3733- TEKELLÜF تكلّف : (Külfet’den) Zahmete ve zor bir işe katlanma. *Gösterişe kapılarak kendini büyük bir şahsiyet olduğu zannını uyandırmak için yapmacık hal ve hareketler göstermek. (Bak: Riya)

«Ziyade hüsn-ü zan edenlere karşı hoş görünmek için kendini makam sahibi göstermek ve sırr-ı ihlasa tam münafi kendini büyük göstermek ve vakar perdesi altında benliğin zararlı ve fani zevkini aramak haletleri ise...» (E.L.I. 201) tekellüfî his ve tavırlardır. «Tekellüf şer’an ve hikmeten fenadır.
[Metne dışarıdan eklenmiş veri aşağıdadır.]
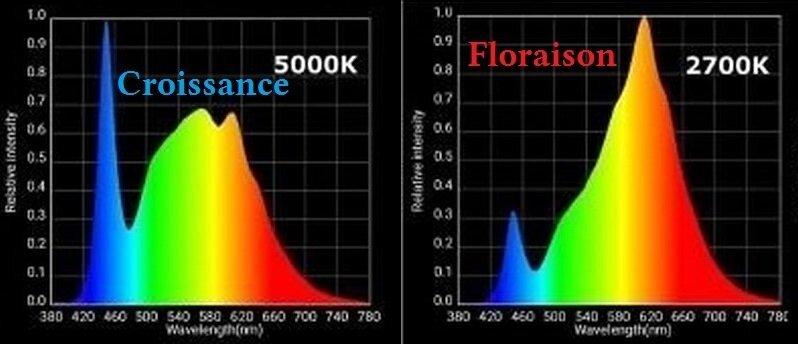 spectre et temperature des couleurs flo et cro.jpg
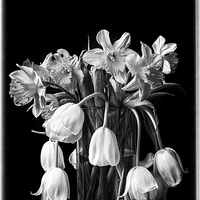 Buy canvas prints of  Wilting flowers fine art by Stephen Giles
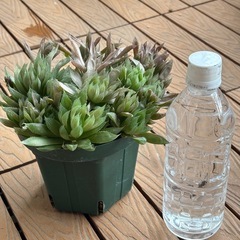 軟葉ハオルチア群生　鉢植えの画像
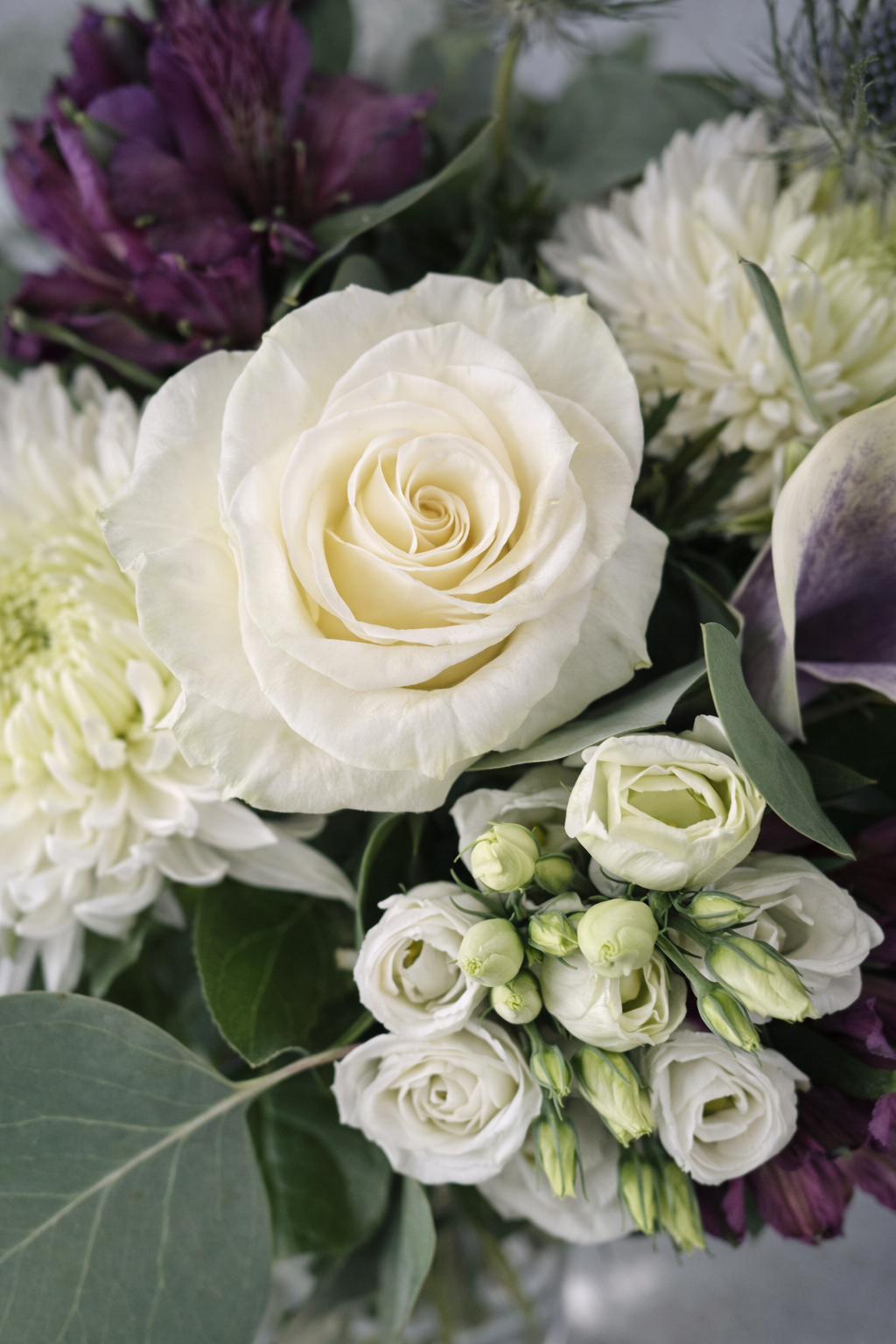 Botanical close-up of a white rose purple blooms and textured foliage in a luxury Montreal bouquet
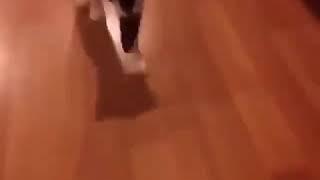 Trollando um gato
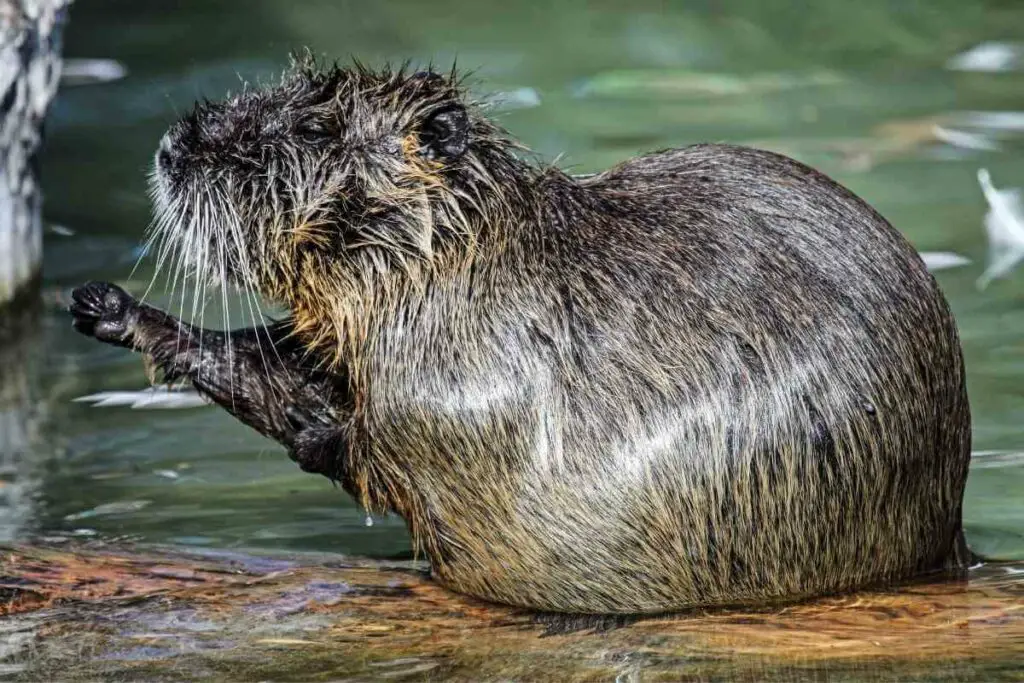 Muskrats can have diseases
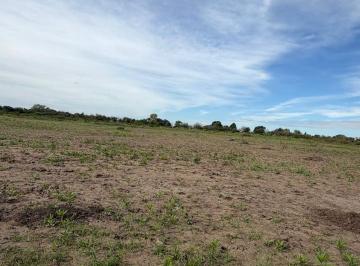 Terreno , Colonia Caroya · Cuatro Lotes en Venta Colonia Caroya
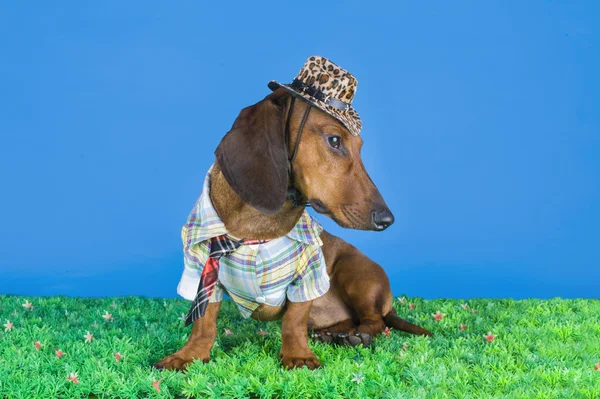 Dachshund clothes on the grass — Stock Photo, Image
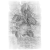 "Son of Stones" icon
Çünkü tekellüf sevdası, insanı hadd-i ma’rufu tecavüze sevkeder. Mütekellif olanlar, bazan hodbinane bir tezahür ve tefahür tavrı ve muvakkat soğuk bir riyakâr vaziyeti takınmaktan kurtulmaz. Halbuki, bunların ikisi de ihlası zedeler.» (T.H. 326)

Kur’an (38:86) âyeti Resulullah’ın tekellüfçülerden olmadığını bildirir.